Data records
/---

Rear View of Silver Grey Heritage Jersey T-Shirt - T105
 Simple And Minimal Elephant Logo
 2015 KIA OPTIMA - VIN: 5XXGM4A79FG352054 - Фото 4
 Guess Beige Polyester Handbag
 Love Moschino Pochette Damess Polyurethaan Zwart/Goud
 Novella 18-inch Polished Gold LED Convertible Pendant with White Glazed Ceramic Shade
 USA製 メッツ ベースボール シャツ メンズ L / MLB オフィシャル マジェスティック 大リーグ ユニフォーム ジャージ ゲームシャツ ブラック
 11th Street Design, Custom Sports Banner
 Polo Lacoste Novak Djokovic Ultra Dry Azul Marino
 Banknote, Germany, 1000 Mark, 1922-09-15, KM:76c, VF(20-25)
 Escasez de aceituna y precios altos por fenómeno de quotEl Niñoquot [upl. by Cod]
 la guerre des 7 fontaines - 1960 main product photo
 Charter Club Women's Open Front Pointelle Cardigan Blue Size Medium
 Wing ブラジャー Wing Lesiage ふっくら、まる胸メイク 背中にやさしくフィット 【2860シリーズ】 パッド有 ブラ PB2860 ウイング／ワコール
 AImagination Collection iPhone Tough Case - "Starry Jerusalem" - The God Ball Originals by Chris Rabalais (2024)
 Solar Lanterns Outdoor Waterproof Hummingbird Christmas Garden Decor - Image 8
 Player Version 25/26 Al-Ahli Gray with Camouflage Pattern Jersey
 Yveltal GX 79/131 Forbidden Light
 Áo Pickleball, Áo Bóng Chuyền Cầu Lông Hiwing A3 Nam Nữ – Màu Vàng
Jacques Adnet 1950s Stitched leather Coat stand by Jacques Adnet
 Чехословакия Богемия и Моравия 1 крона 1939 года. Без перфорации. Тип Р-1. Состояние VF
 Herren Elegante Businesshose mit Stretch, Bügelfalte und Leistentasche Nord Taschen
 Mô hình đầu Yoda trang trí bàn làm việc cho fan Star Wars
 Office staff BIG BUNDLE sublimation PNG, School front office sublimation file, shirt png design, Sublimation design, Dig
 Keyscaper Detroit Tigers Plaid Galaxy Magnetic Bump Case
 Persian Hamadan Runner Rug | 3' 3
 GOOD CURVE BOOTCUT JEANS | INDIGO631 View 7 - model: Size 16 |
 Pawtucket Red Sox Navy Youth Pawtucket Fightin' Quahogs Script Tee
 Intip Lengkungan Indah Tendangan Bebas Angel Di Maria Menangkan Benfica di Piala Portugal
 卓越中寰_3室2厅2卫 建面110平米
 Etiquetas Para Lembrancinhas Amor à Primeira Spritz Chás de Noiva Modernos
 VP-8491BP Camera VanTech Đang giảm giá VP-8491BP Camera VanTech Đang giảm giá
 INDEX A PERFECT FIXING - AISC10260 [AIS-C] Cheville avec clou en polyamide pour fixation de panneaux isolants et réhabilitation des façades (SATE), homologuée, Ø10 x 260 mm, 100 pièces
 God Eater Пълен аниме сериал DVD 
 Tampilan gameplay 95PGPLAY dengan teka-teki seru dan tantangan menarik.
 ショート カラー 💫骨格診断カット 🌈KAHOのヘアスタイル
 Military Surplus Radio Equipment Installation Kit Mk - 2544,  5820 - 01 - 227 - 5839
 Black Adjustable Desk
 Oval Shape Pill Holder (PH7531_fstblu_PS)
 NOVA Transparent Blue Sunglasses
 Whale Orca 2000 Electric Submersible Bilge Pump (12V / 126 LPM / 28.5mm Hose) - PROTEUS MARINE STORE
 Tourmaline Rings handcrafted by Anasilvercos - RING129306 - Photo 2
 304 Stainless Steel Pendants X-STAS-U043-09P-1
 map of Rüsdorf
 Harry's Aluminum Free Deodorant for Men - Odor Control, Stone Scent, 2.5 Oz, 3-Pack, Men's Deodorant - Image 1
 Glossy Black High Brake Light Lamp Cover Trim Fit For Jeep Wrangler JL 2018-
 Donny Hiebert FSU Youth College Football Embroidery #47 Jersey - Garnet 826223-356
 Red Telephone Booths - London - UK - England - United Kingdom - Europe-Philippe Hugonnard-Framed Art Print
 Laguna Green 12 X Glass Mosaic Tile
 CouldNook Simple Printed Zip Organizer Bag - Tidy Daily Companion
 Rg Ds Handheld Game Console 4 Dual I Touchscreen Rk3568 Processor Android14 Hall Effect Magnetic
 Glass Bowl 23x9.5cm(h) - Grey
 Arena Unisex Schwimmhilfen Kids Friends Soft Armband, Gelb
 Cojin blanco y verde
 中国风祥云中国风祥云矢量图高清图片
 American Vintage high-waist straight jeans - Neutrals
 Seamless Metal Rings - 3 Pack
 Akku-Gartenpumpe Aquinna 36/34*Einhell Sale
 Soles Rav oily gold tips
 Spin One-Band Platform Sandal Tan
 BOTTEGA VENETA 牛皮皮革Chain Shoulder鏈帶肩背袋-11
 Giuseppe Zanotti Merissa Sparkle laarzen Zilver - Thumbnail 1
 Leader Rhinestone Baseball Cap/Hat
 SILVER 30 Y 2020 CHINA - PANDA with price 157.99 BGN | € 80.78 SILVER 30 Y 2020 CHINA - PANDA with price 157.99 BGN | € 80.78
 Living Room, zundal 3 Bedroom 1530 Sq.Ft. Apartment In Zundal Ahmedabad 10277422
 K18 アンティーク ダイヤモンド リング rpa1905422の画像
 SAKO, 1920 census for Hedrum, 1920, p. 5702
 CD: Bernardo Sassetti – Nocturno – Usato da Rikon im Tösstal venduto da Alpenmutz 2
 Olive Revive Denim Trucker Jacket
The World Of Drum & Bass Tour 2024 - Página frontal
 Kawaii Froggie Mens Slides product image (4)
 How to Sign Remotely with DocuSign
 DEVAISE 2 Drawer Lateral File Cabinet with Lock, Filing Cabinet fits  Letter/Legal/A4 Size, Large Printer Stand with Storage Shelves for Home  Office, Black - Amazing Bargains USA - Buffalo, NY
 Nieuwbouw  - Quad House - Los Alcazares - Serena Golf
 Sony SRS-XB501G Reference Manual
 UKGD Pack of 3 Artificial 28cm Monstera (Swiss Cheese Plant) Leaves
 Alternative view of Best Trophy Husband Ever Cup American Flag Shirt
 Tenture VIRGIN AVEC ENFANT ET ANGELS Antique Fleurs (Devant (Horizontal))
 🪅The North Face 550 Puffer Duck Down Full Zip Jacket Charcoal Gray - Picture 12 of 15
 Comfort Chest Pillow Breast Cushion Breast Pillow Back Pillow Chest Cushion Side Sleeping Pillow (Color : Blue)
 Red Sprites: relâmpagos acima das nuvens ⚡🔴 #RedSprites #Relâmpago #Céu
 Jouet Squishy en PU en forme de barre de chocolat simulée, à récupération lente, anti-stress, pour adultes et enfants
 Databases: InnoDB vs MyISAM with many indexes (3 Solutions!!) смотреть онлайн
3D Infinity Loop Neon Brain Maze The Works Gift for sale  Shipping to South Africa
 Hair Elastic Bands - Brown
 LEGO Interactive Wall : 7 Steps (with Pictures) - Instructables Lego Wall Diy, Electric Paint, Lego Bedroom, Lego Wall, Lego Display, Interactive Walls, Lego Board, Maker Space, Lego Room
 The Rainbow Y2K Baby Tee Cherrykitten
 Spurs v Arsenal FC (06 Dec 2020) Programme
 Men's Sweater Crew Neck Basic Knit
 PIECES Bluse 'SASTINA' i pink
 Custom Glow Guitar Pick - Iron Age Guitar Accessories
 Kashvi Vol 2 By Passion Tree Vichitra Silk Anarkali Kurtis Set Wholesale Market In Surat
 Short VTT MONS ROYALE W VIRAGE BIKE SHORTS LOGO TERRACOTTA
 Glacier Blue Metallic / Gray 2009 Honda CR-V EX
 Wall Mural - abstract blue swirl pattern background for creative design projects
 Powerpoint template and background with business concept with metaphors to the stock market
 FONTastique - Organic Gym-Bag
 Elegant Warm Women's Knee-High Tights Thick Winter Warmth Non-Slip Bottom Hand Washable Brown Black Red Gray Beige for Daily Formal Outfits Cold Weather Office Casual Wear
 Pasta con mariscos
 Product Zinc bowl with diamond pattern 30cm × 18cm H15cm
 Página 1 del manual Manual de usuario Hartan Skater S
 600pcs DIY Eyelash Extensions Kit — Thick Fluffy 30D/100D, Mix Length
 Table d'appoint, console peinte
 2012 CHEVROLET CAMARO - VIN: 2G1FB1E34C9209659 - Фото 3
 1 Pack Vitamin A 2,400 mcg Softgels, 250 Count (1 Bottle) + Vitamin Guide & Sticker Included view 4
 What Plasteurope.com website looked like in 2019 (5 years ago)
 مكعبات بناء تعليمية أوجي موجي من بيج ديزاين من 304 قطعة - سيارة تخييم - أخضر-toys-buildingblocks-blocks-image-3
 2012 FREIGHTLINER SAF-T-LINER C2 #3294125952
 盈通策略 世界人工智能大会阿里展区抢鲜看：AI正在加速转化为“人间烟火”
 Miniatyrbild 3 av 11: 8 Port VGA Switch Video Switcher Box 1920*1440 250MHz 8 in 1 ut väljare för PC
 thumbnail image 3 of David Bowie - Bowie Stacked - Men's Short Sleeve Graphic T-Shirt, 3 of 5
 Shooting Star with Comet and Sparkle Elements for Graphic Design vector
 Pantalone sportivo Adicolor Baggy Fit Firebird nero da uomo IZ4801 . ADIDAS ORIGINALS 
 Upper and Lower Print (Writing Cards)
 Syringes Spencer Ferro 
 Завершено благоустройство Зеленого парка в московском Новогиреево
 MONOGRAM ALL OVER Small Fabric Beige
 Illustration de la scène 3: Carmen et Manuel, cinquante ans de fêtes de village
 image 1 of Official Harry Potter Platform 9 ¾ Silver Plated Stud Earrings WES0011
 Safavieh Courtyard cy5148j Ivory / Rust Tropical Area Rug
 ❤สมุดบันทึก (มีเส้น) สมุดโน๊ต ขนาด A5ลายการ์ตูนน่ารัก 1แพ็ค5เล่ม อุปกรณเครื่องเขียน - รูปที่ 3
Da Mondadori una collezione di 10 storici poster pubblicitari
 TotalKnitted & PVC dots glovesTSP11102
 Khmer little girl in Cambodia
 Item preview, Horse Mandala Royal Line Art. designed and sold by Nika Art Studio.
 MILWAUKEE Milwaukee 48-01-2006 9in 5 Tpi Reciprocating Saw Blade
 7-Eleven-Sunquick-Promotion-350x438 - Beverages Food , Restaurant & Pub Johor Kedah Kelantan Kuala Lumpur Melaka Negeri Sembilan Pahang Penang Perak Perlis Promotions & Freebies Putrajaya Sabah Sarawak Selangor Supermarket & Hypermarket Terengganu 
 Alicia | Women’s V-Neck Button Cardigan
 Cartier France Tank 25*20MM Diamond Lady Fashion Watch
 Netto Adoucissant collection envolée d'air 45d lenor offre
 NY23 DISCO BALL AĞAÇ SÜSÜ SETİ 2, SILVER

\---

Beginning with the line that has "CouldNook Simple Printed" and ending with the line that has "Soles Rav oily gold tips", set down the lines above exactly and include no others.

Answer box —
 CouldNook Simple Printed Zip Organizer Bag - Tidy Daily Companion
 Rg Ds Handheld Game Console 4 Dual I Touchscreen Rk3568 Processor Android14 Hall Effect Magnetic
 Glass Bowl 23x9.5cm(h) - Grey
 Arena Unisex Schwimmhilfen Kids Friends Soft Armband, Gelb
 Cojin blanco y verde
 中国风祥云中国风祥云矢量图高清图片
 American Vintage high-waist straight jeans - Neutrals
 Seamless Metal Rings - 3 Pack
 Akku-Gartenpumpe Aquinna 36/34*Einhell Sale
 Soles Rav oily gold tips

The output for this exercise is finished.